The method of claim 1, wherein the concentration is 50 mM CoCl ₂ . 33. CoCl of CoCl ₂ ~ about 6.0 millimolar of a transition metal enhancer which is or ionized can the ionizing about 0.03 mmolar in the solution ₂
33. The method of claim 32, wherein 34. The composition is a solution, and the ionizable or ionized transition metal enhancer is from about 0.01 millimolar CuCl ₂ to about 2 in the solution.
The method of claim 1, wherein the concentration is 50 mM CuCl ₂ . 35. CuCl ₂ transition metal enhancer which is or ionized can the ionizing about 0.03 millimolar of said solution to about 6.0 millimolar of CuCl ₂
35. The method of claim 34, wherein 36. The composition is a solution, and the ionizable or ionized transition metal enhancer is about 0.01 millimolar concentrations of AlCl ₂ to about 2 in the solution.

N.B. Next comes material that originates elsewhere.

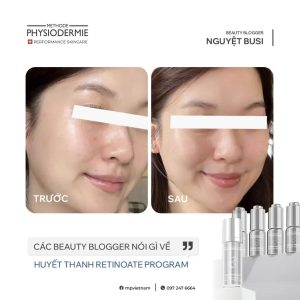 Sau 3 tuan dung Huyet thanh Retinoate Program lan da cua Beauty Blogger Nguyet Busi min mang hon han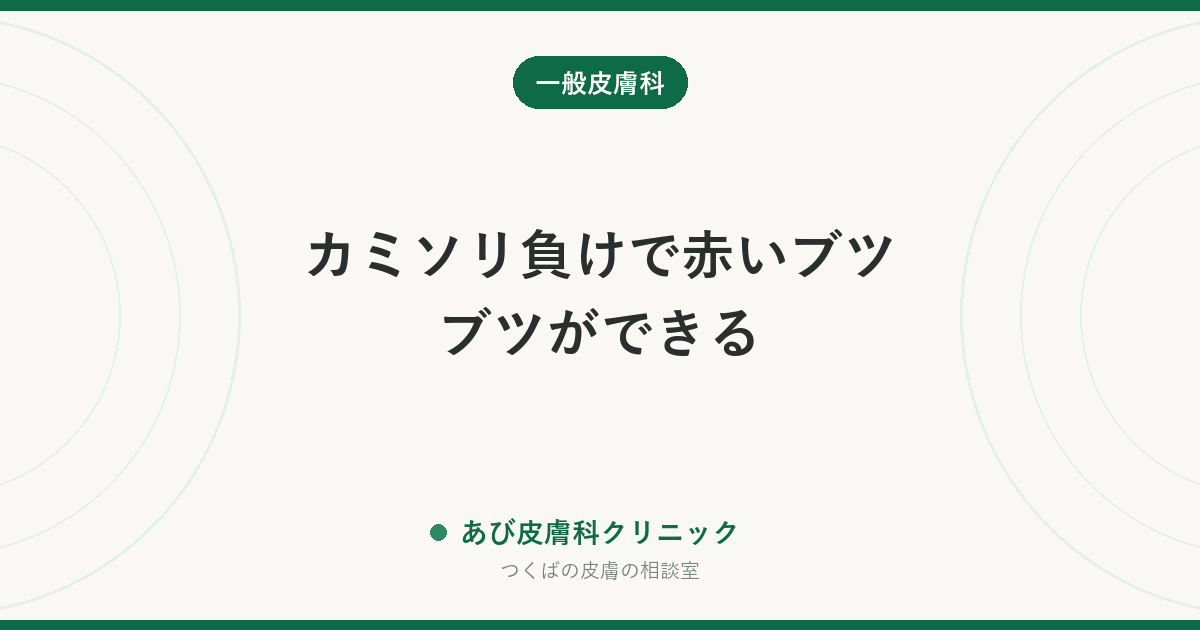 カミソリ負けで赤いブツブツができる｜髭剃り後の炎症の原因・治し方と繰り返さない剃り方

The method of claim 1, wherein the concentration is 50 mM AlCl ₂ . 37. AlCl of AlCl ₂ ~ about 250 millimolar of a transition metal enhancer which is or ionized can the ionizing of about 0.01 mmolar in the solution ₂
37. The method of claim 36, wherein 38. The method of claim 1, wherein the DNA is a plasmid. 39. The protein is insulin, human growth hormone, erythropoietin, coagulation factor VII, bovine growth hormone, platelet-derived growth factor, coagulation factor VIII, thrombopoietin, interleukin-1, interleukin-2, interleukin-1. RA, superoxide dismutase, catalase, fibroblast growth factor, neurite growth factor, granulocyte colony stimulating factor, L-asparaginase, uricase, chymotrypsin, carboxypeptidase, sucrase, calcitonin, Ob gene product, glucagon, transforming growth factor , Ciliary neurite transforming factor, insulin-like growth factor-1, granulocyte-macrophage colony-stimulating factor, interferon α2A, brain-derived neurite factor, insulin tropin, tissue plasminogen activator , Urokinase, streptokinase, adenosine deamidase, calcitonin, arginase, phenylalanine ammonia lyase, γ-interferon, pepsin, trypsin, elastase, lactase, intrinsic factor, cholecystokinin, insulinotropic hormone coagulation factor I, glucagon-like protein- The method according to claim 1, which is selected from the group consisting of I, α-1-antitrypsin, glucocerebrosidase, cystic fibrosis transreductase, angiostatin, endostatin, an angiogenic agent and an anti-angiogenic agent. 40. A method for delivering a DNA encoding a peptide or protein operably linked to a promoter to a pancreas, a liver, a salivary gland of a mammal or a lung of a mouse, which comprises the DNA, zinc chloride and copper chloride. Exposing the mammal to a composition comprising an ionizable or ionized transition metal enhancer selected from the group consisting of nickel chloride, cobalt chloride, zinc sulfate, and zinc acetate. The above method. 41. A method of delivering to a mammalian cell DNA encoding a peptide or protein operably linked to a promoter, the composition comprising an ionizable or ionizable transition metal enhancer and the DNA. The above method comprising administering an article to the cells of the mammal. 42. The method of claim 1, wherein the composition further comprises a cationic lipid. 43. The cationic lipid: DNA phosphate ratio of the composition is about 0.01 to about 12.
43. The method of claim 42, wherein 44. The cationic lipid is 1: 1 N, N- [bis (2-hydroxyethyl)]-N-methyl-N- [2,3-bis (tetradecanoyloxy) propyl] ammonium chloride. And N, N, N ', N'-tetramethyl-N, N'-bis (2-hydroxyethyl) -2,3-bis (9 (z) -octadecenoyloxy) -1,4-butane 43. The method of claim 42, selected from the group consisting of diaminium iodide.